Indeed, the showing seemed at odds with the prospects for meaningful bipartisan progress on the contentious immigration issue, considered to be the best in two decades after Hispanic voters turned on Republican candidates last year.

"In previous years, when we were fighting for change, there were so many people," said Caroline Ba?elos, president of the Sonoma County Latino Democrat Club.

"Now that it's close to some kind of reform, nobody's here," she said, waiting for the start of the annual rally and march held in honor of the late Cesar Chavez, a farm worker, labor leader and civil rights activist who co-founded what became the UFW.

Similar marches were scheduled this weekend in more than a half-dozen cities across California, including Los Angeles, Bakersfield, Fresno, Salinas, Oxnard and Coachella.

"We need to fight more," added Georgina Warmoth of Rohnert Park, a Petaluma Community Health Center board member.

The crowd, which gathered slowly at a Sebastopol Road parking lot, eventually grew to between 400 and 500 people, far fewer than the 7,000 to 10,000 people who marched in 2007, and the 5,000 in 2010.

But it was healthy enough for Oscar Chavez, the executive director of nonprofit service provider CAP Sonoma County, to say, "I'm very optimistic and hopeful that we're starting a movement."

Chavez entered the country illegally in 1981. He became a permanent resident in 1989 under President Ronald Reagan's immigration reform bill, commonly known as amnesty, and a citizen in 2002. The time is right for another change in the law, he said.

"I know there are thousands of young people who are ready to make meaningful contributions to strengthen our country, and without that opportunity we limit their potential," he said.

There was evidence Sunday that major changes have already taken place.

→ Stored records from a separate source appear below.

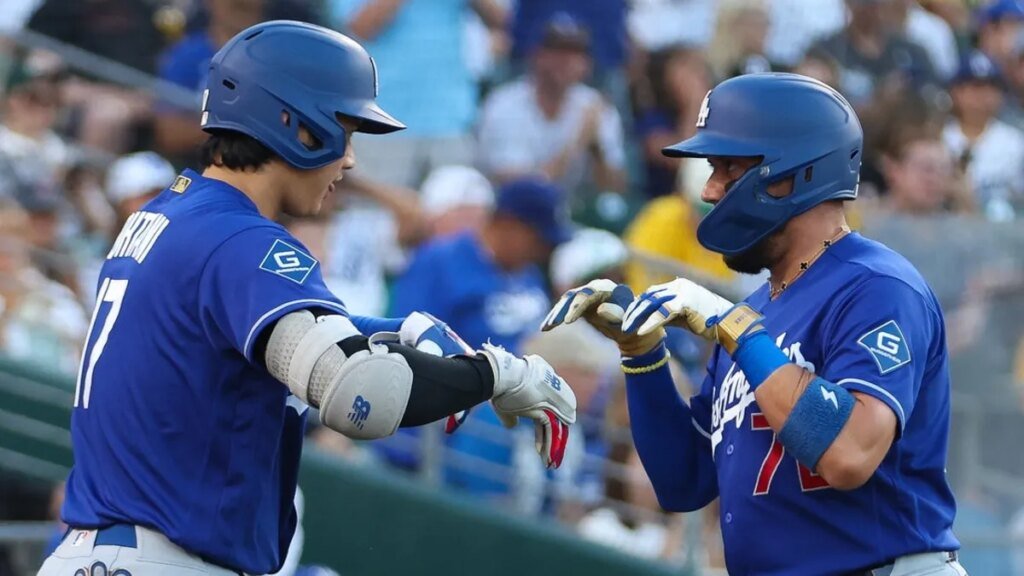 Dodgers demolish A’s as Dave Roberts reaches 1,000 career wins Dodgers demolish A's as Dave Roberts reaches 1,000 career wins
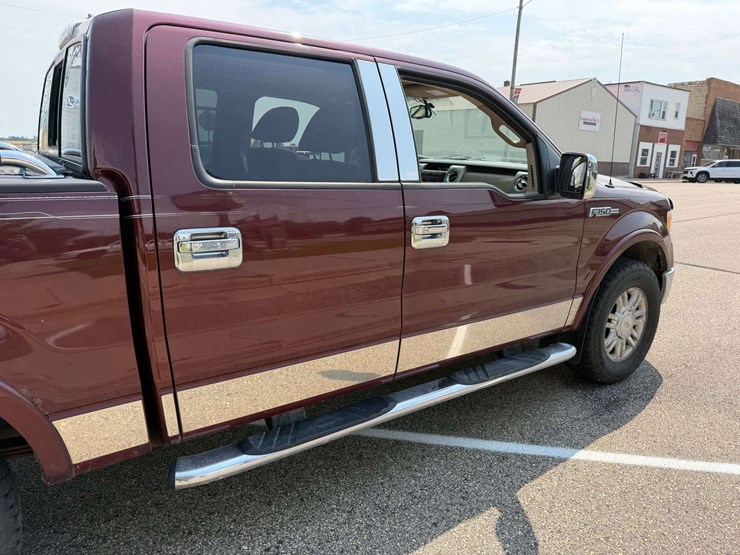 2010-ford-f150-lariat-image-34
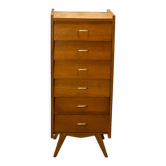 Oak chest of drawers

Jose Torres, a Jalisco, Mexico, native who came illegally to the United States when he was 12, can now live and work legally in the United States. He qualified in October for the Deferred Action for Childhood Arrivals program, which President Barack Obama started with an executive order.

"I'm not going to lie to you, DACA changed my life. But it's just a stepping stone, it's not enough," said Torres, 26, of Rohnert Park.

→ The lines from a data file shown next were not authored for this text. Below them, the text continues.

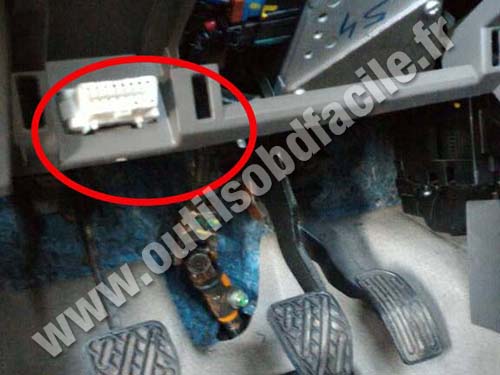 Nissan Micra OBD Connector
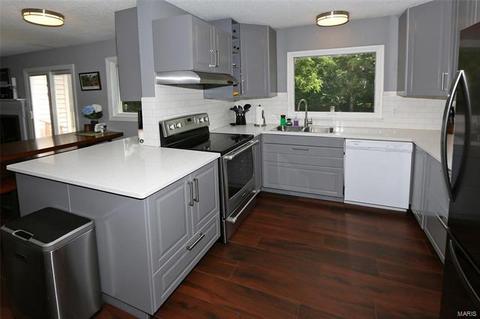 1388 Justerini, Ballwin, MO 63011 photo 10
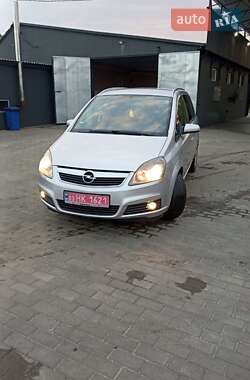Минивэн Opel Zafira 2007 в Шишаки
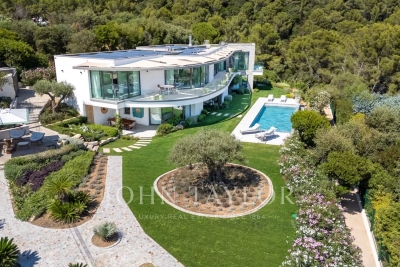House for sale in CAVALAIRE-SUR-MER  - 11 rooms - 412 m&sup2; 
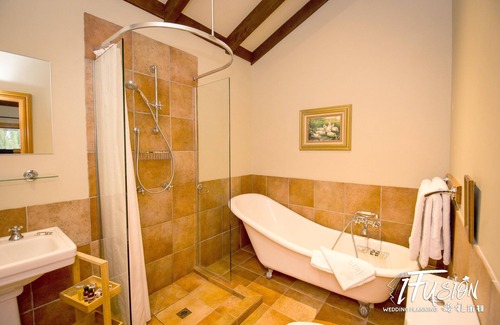 Arthur's Point House | Best view Queenstown 4 Bed house with Outdoor Jacuzzi close to Coronet Ski Field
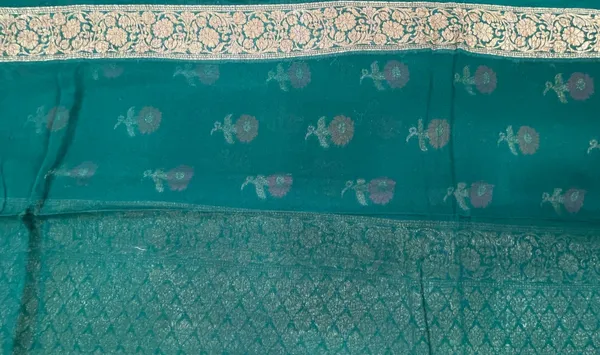 Humairah_Presents_Pure_Handloom_Dark_Green_Chiffon_Floral_Mina_Zari_Booti_with_Copper_Zari_Border_and_Pallu_and_Dark_green_Blouse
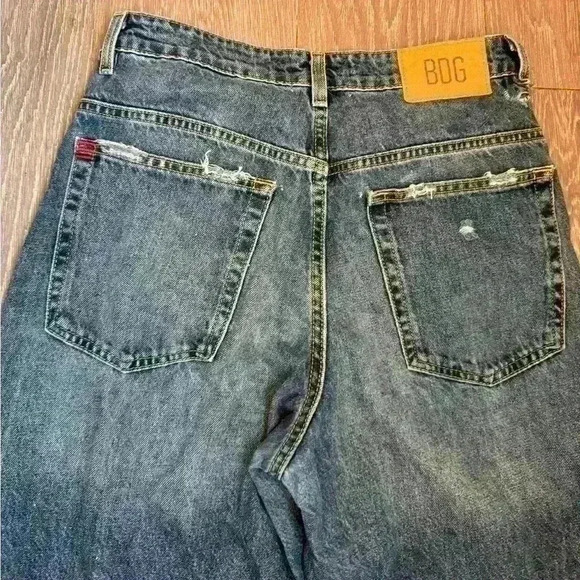 Urban Outfitters BDG tappered baggy jeans distressed  style OB1683753 Size 27 - Picture 3 of 11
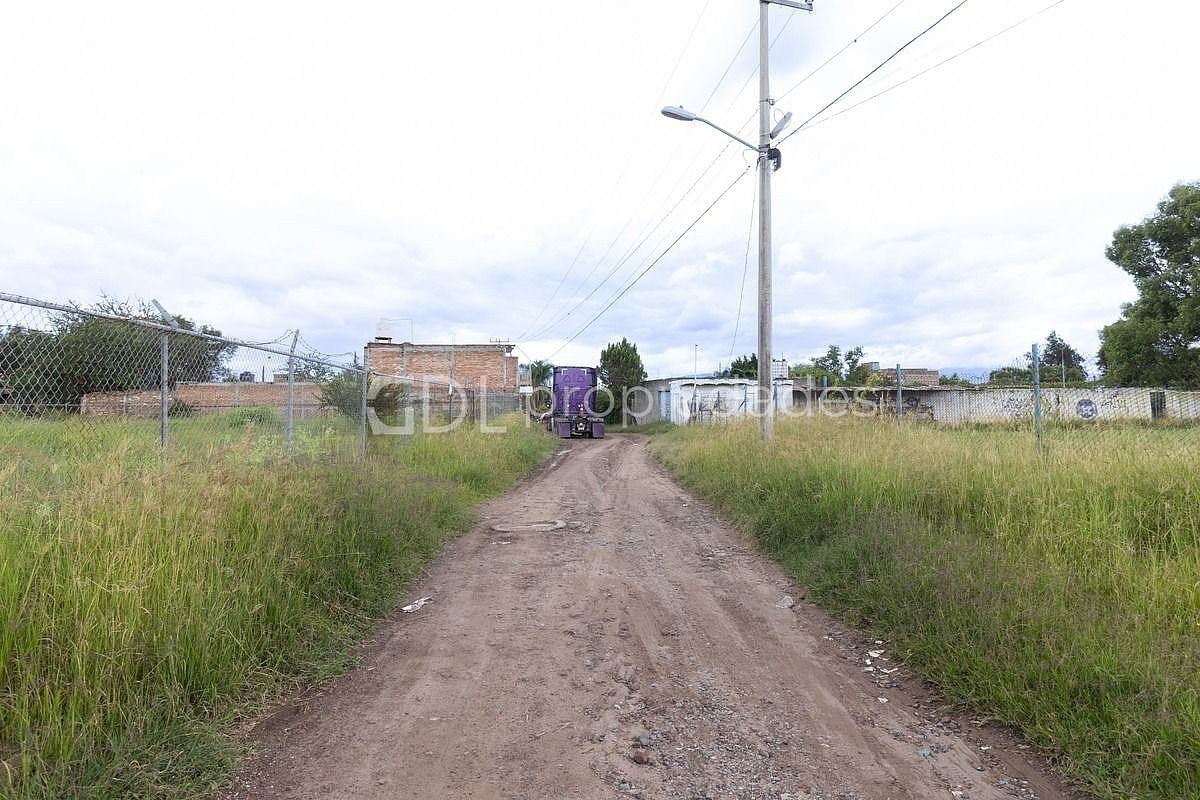 Lot in El Quince Centro, El Salto, photo 6 of 12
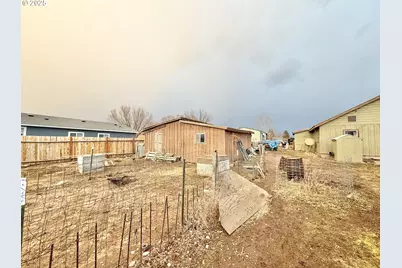 138 W 12th St, Prairie City, OR 97869 - Photo 27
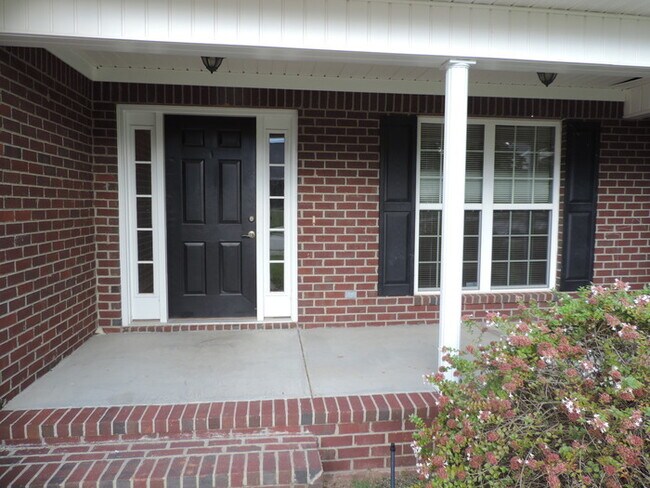 Building Photo - Remodel Columbia County Grovetown Home Very Close to Fort Gordon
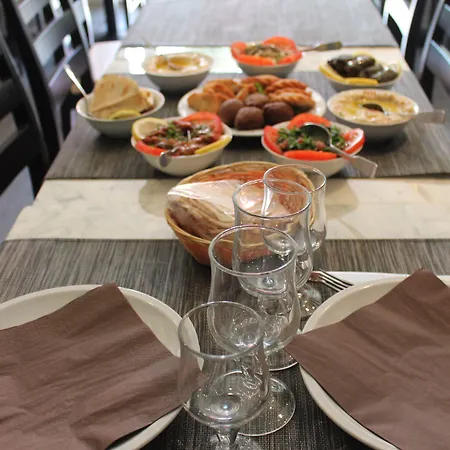 Hotell Restaurant Maison Blanche 2*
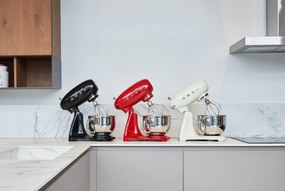 Kremowy robot kuchenny Retro Style – SMEG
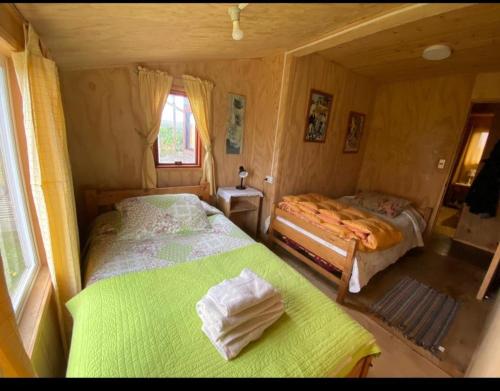 Postel nebo postele na pokoji v ubytování Cabaña en Cucao a pies del lago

"They call us Dreamers," he added, a term used to describe young immigrants who would benefit from the proposed Dream Act, which would create a path to citizenship for certain undocumented immigrants brought into the country illegally as children.

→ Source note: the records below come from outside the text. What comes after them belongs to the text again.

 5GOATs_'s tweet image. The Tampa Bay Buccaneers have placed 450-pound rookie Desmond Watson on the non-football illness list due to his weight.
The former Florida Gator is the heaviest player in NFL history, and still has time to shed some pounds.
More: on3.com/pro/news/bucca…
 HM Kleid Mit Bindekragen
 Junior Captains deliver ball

"But the true dreamers," Torres said, "are the parents who left everything behind to give us a better life."

Many of those parents were in the crowd, and some said they are keeping a close eye on Washington where a bipartisan group of senators is working on an immigration reform bill.

"I have more hope this year," said Jose Hernandez, a Santa Rosa resident who entered the United States illegally in 1990.

"There are a lot of people hoping," he said.

Maria Ramirez of Rohnert Park, a Mexican native who is a legal resident, said illegal immigrants have earned their way to a legal status in the community.

"They have suffered through hard work, low pay, separation from their families, humiliation and discrimination," she said. "And still they work. They persist."

Eventually, the march took shape, heading east down Sebastopol Road.

It proceeded without incident, taking about 1 ?-hours to reach downtown. The procession bristled with signs: "Stop the Raids." "Stop Separating Families." "Immigration Reform Now." "No Farmworkers, No Food."

Francisco Hernandez, who entered the county illegally in 1993 and has lived in Santa Rosa ever since, stood on the bandstand, looking out for audio equipment set up for speeches yet to be made.

A native of the Mexican state of Oaxaca, he works in Napa and Sonoma county vineyards. Nearly everyone he knows is an illegal immigrant, he said.

He showed off a photograph on his cellphone of him in a martial arts uniform. He teaches karate to kids in his Corby Avenue neighborhood so they'll stay out of trouble, he said.

He knows, he said, that there are many people who believe that because he is here illegally, he does not deserve the chance to become a citizen.

"I ask their forgiveness," he said. "I came to help my family."